Bu bilgiler doğal olarak başka soruları akla getiriyor. Eğer insan duygu ve düşünceleri bir yazılım ise bu yazılıma müdahale edilebilir mi, mesela yazılım silinip yeniden yüklenebilir mi (yazılım formatlanabilir mi)? Ya da yazılım bir donanımdan başka bir donanıma aktarılabilir mi?
Yeni aldığınız akıllı telefonun tüm bilgileri eskisinden aktarması gibi. Bu soruların cevabı bana göre “evet”…
İlk soruyla başlayalım. Psikanaliz, kanaatimce henüz emekleme döneminde olsa da, insan bedeni işletim sistemine müdahil olma kanalıdır. İnsanın yaşamı boyunca şekillenen yazılımında dönem dönem hatalı kod satırları olmaktadır (bir çok psikiyatristin yaşadığımız sorunları çocukluk travmalarına bağlamalarını düşünün!). Beyin bu satırları nadiren kendi fark edip düzeltebilir. Ama kodu mutlaka kendi düzeltir. Sadece kod hatasını fark etmesi gerekmektedir. Genelde bu hatalı kodu beyine işaret eden dış bir etken gerekir. Mesela iyi bir psikiyatrist gibi ya da fark etmeden bu konuda kendini geliştirmiş biri gibi… Düşünün bir kere, mutlaka hayatınızda sizi ciddi sıkıntılı düşüncelerden veya kişiliğinizdeki sorunlu bir kısımdan kurtaracak konuşmayı yapan birine rastlamışsınızdır. Veya bir “akım” duymuşsunuzdur. Budist tapınaklarında inzivaya çekilmenin veya bir üstad ile yapılan görüşmelerin kişiliğinizdeki eksik yanları geliştirmedeki etkileri konusunda methiyeler içeren hikayeler gibi. Ancak tabi ki bu asıl psikanalistlerin işidir. İyi bir psikanalist kişinin yıllar içinde geliştirdiği yazılımında hatalı kod satırlarını fark etmesini sağlar, bundan sonra beyin çoğunlukla bu hatalı satırı düzeltir. Ama şizofreni gibi organik bozukluğu olan yani donanımdaki bir eksiklik nedeniyle ortaya çıkan yazılım kusurlarında psikanaliz çok bir şey vaat edemez. Yine de benim görüşüm psikanalizin emekleme döneminde olduğu ve yapabileceklerin yanında yapabildiklerinin çok sınırlı kaldığı yönünde. Belki bir gün tüm yazılımı silip yeniden yüklemek dahi mümkün olabilir.

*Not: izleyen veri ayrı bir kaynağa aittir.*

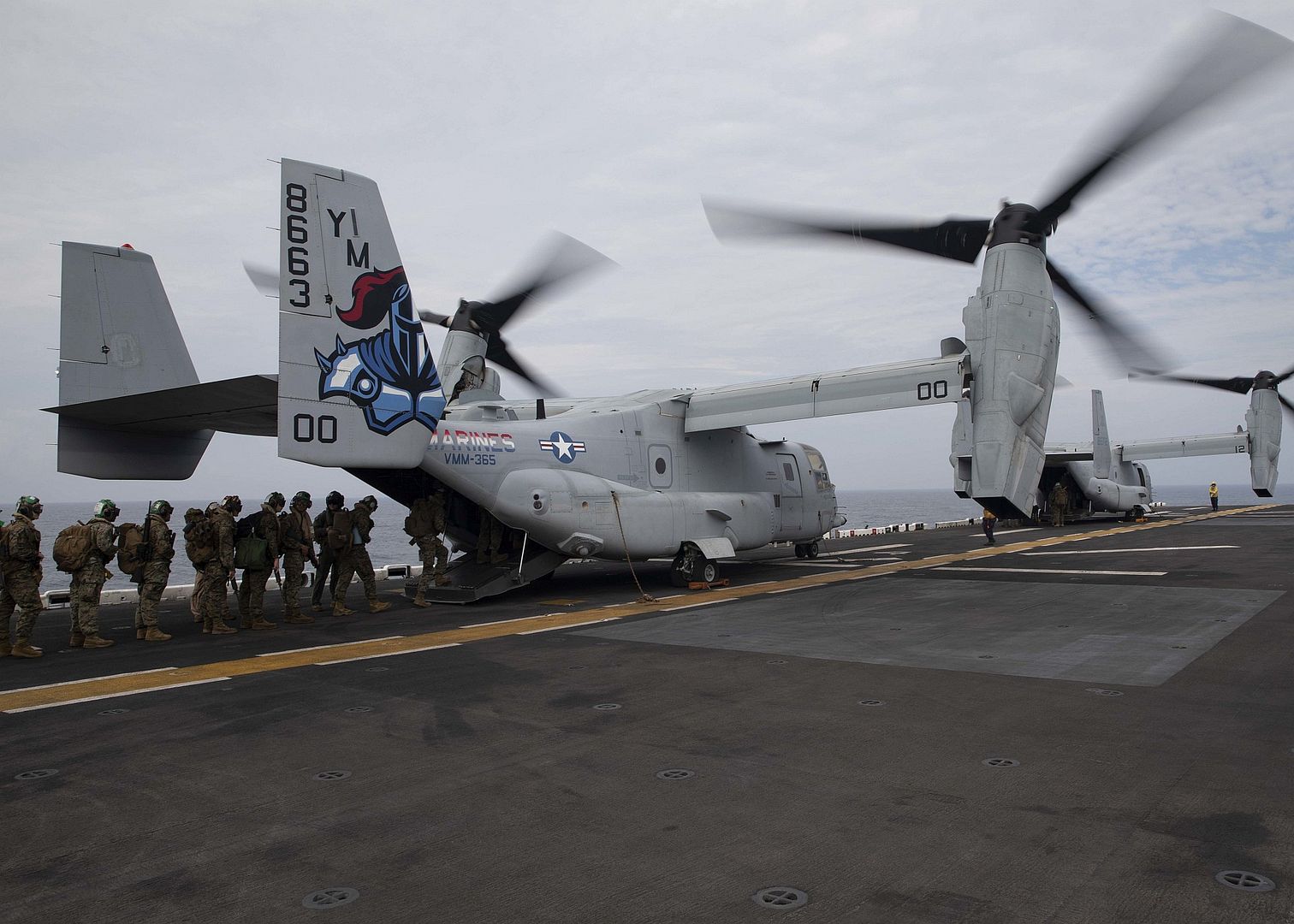 MV 22B Osprey Attached To The Blue Knights Of Marine Medium Tiltrotor Squadron 365 1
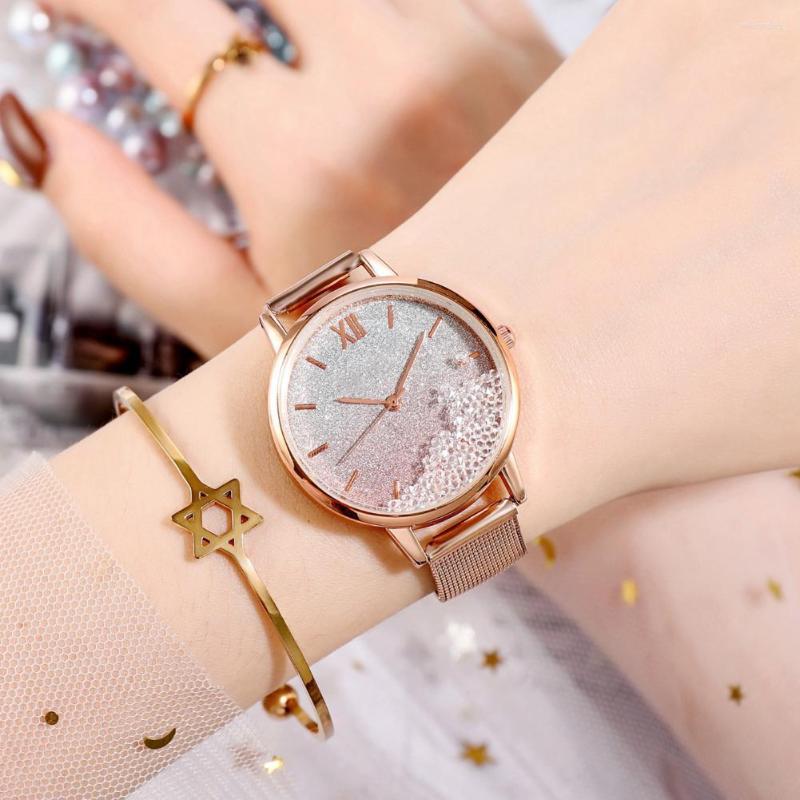 

Wristwatches Women Simple Watch Round Dial Quicksand Ball Bearing Quartz Wristwatch Gift, Pink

İkinci sorunun cevabı ise bilinç, benlik yani İBİS ileride bir gün bir bedenden donanım özellikleri uygun bir bedene aktarılabilir. Böylece “ölümsüzlük” olgusuna yeni bir boyut kazandırılabilir. Bilim kurgu filmlerinde çokça işlenen bir kurgu bu. Gerçeklik payı göz ardı edilemeyecek kadar bilimsel temelleri olan bir kurgu.
Sonuç olarak romantikleri kızdırmak istemem ama insan bedeni çok gelişmiş, organik moleküllerden yapılmış bir makine ve insanın “ruhu” da bu makinenin içinde yer alan yine organik materyal bazlı bir donanım olan merkezi sinir sistemi üzerinde kurulu bir yazılımdır. Sevgi de, nefret de, acı da, keder de, aşk ta bu yazılımın bir parçasıdır.